5 Strategies For Combating Test Anxiety

test taking anxiety
Originally published on the New York Family website
new york family

As final exams approach, help the kids manage stress with these tricks from a local education expert: The night before an exam, many students feel “sick”–their head is aching, their stomach hurts, their back is sore. Others feel angry, or possibly even depressed. Some are irritable and others lose focus. While these symptoms might seem like ones that need medical attention, they may just be implications of test anxiety–especially if a big exam is looming. Try some of the strategies below to reduce your child’s anxiety and help her feel relaxed, prepared, and positive come test day.

‎1) Deep breathing exercises: When we feel anxious, our breathing often moves from deep abdominal breathing to shallow chest breathing.
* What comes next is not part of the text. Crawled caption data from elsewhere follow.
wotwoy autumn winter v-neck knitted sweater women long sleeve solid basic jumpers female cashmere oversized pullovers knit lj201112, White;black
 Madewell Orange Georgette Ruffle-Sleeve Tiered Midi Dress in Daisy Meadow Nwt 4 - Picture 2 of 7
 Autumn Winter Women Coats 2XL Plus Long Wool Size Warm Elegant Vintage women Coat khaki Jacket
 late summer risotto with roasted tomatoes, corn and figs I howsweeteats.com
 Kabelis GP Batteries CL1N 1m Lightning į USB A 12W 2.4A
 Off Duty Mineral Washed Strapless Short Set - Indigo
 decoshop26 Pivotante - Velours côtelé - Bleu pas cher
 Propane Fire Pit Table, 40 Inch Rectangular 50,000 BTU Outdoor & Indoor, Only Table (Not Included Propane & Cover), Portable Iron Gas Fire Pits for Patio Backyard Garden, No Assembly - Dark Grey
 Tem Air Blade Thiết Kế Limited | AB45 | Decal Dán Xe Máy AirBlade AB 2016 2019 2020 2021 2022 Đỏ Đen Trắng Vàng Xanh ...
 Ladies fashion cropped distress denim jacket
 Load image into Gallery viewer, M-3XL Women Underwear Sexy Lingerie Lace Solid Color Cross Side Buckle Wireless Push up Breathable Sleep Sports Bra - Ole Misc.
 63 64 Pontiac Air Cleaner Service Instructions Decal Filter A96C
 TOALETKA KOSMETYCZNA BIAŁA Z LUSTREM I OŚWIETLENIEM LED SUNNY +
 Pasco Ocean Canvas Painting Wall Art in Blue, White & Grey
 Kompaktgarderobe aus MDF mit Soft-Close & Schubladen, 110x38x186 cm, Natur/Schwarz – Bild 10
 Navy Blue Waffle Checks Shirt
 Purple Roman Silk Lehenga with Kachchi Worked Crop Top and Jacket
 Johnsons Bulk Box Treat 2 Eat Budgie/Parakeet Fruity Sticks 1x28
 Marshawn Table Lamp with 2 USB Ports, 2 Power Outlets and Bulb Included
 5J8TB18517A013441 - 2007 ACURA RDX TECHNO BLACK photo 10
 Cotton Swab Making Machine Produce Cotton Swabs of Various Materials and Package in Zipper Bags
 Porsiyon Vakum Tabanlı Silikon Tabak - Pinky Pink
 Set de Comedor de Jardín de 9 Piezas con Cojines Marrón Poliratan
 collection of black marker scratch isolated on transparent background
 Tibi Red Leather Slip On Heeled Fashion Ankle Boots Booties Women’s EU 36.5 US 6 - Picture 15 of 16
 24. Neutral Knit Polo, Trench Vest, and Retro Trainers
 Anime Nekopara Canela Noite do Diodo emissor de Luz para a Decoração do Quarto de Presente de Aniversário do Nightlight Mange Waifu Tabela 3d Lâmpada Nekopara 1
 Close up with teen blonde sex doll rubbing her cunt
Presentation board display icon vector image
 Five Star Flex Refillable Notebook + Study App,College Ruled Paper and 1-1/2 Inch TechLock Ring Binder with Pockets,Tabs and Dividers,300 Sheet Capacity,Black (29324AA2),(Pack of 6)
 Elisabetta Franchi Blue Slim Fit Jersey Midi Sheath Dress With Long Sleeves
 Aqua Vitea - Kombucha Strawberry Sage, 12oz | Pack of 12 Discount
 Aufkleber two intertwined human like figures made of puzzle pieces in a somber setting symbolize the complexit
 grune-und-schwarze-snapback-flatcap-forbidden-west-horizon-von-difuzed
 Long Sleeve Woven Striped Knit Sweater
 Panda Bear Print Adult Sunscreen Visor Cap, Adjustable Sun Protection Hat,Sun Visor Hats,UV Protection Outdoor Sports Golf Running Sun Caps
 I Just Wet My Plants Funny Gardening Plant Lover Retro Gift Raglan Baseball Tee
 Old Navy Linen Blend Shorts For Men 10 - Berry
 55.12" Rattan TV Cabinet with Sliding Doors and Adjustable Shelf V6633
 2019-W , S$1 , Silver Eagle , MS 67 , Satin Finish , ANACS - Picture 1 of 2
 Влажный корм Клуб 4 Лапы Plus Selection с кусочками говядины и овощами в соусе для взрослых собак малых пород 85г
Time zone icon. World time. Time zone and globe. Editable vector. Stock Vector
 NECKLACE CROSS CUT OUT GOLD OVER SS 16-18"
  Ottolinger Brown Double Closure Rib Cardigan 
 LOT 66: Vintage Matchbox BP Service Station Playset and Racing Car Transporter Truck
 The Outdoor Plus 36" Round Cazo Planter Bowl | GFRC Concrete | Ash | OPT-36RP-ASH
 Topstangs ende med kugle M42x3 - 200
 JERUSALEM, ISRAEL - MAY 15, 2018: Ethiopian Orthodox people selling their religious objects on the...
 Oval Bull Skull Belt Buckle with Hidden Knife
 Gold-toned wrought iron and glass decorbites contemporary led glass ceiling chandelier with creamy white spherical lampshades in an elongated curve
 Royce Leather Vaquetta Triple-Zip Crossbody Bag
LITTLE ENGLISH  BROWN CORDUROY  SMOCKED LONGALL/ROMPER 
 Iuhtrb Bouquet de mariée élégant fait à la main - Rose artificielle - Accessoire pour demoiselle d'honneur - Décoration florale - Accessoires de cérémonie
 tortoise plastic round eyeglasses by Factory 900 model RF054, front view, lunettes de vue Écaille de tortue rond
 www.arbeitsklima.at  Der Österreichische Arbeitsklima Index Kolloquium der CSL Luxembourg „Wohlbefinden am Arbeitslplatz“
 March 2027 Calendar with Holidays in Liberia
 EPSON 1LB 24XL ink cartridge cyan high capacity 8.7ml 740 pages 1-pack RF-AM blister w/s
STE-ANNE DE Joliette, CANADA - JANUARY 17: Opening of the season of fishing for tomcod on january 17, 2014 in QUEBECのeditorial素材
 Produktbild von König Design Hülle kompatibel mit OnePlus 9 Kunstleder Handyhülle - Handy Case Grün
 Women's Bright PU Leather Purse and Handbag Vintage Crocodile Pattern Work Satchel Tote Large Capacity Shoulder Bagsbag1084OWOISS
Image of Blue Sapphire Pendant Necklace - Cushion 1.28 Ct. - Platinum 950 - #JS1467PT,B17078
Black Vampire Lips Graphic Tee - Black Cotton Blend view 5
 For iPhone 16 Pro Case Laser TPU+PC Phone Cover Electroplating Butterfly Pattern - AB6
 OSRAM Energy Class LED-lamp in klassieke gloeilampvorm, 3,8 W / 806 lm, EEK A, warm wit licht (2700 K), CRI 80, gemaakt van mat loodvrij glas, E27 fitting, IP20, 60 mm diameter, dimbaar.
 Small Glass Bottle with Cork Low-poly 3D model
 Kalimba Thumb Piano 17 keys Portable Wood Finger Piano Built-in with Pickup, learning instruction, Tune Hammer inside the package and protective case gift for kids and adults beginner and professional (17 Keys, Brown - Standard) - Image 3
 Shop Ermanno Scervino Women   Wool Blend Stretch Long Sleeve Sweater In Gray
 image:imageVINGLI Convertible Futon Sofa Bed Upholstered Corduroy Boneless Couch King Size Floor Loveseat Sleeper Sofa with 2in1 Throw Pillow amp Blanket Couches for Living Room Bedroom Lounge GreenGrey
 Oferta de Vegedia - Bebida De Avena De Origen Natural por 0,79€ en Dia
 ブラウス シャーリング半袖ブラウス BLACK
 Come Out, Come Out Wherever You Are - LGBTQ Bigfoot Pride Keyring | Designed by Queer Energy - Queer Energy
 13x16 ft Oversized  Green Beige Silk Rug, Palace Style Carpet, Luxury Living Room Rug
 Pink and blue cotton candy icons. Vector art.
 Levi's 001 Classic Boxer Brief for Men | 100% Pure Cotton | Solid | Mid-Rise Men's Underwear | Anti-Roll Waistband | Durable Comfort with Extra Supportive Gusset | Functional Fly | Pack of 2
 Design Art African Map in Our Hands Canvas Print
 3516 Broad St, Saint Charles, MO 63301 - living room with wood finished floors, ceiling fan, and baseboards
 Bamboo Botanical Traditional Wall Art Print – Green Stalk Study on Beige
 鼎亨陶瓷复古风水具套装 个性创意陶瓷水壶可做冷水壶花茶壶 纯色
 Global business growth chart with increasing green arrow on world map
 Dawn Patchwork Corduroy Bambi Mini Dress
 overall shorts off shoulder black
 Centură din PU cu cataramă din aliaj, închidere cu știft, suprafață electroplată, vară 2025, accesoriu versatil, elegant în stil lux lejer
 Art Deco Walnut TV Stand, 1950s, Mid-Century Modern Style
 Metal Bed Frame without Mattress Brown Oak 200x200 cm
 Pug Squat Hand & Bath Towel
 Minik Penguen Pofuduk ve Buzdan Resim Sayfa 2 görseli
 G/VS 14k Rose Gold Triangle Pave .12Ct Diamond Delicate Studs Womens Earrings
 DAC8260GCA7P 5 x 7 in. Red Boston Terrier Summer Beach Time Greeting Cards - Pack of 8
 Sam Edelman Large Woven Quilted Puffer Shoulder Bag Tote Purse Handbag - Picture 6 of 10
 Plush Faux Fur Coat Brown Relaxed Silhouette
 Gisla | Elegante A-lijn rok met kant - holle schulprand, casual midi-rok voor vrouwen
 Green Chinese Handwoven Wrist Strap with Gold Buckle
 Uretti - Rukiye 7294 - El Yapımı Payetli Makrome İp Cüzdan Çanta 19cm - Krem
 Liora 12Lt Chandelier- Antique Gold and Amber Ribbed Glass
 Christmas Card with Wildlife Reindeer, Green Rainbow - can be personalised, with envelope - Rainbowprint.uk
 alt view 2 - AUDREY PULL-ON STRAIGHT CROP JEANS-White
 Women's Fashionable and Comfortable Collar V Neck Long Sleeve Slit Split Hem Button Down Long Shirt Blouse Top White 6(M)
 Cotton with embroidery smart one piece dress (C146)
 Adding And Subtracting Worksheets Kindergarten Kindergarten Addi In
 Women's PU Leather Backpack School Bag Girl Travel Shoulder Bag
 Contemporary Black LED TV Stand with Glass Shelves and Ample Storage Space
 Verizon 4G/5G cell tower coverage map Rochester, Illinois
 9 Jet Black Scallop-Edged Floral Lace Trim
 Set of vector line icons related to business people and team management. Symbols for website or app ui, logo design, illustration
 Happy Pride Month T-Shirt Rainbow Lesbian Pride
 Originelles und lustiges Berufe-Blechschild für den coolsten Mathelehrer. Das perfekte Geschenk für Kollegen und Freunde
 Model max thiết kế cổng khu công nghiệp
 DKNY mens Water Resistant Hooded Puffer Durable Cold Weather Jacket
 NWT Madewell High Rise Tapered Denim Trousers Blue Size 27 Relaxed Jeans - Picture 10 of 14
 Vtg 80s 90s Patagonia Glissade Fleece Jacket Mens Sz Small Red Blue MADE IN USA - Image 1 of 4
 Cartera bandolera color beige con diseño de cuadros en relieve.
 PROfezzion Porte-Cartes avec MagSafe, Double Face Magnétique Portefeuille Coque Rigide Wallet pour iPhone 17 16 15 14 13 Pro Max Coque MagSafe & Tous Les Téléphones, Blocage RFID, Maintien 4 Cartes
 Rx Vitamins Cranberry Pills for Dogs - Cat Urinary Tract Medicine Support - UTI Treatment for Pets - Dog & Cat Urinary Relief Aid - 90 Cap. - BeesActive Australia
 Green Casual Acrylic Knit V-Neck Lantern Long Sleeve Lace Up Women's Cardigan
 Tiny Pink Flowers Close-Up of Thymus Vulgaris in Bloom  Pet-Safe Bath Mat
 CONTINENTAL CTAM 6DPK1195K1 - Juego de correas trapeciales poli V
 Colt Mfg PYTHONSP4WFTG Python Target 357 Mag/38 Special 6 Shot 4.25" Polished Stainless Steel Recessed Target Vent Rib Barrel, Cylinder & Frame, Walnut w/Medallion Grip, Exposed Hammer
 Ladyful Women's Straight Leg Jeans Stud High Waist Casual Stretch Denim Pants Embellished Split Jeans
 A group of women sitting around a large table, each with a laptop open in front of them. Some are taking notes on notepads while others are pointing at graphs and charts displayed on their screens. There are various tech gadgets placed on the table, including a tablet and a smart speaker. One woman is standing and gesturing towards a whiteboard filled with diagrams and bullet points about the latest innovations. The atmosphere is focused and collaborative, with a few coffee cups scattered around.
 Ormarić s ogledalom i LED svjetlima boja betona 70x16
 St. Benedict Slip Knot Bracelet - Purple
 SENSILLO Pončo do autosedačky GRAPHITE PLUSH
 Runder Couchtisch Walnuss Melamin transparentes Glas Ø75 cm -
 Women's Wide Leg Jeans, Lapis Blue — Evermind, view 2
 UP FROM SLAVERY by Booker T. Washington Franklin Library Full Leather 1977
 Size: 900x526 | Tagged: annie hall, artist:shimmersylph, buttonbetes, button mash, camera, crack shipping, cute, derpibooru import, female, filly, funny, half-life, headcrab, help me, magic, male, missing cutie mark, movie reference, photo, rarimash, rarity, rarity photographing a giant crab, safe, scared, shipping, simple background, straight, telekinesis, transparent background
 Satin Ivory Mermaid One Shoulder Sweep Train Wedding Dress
Help your child relax and breathe deeply to reduce anxiety before an exam with the following exercise:

Have your child lay down or sit in a comfortable spot with his eyes closed. Tell him to focus on his breathing, and rest his hands on his stomach to feel his breath move up and down. Have your child count backwards from 10 (or another number of your choosing) in the following manner: he inhales deeply while saying the number “ten.” He then exhales while saying out loud “relax.” Then he inhales again deeply and says “nine,” and exhales while saying “relax.” He continues to follow this pattern until he reaches zero. As he performs this exercise, his breathing should move from shallow chest breathing to deeper abdominal breathing, helping him to relax and reduce his anxiety before an exam.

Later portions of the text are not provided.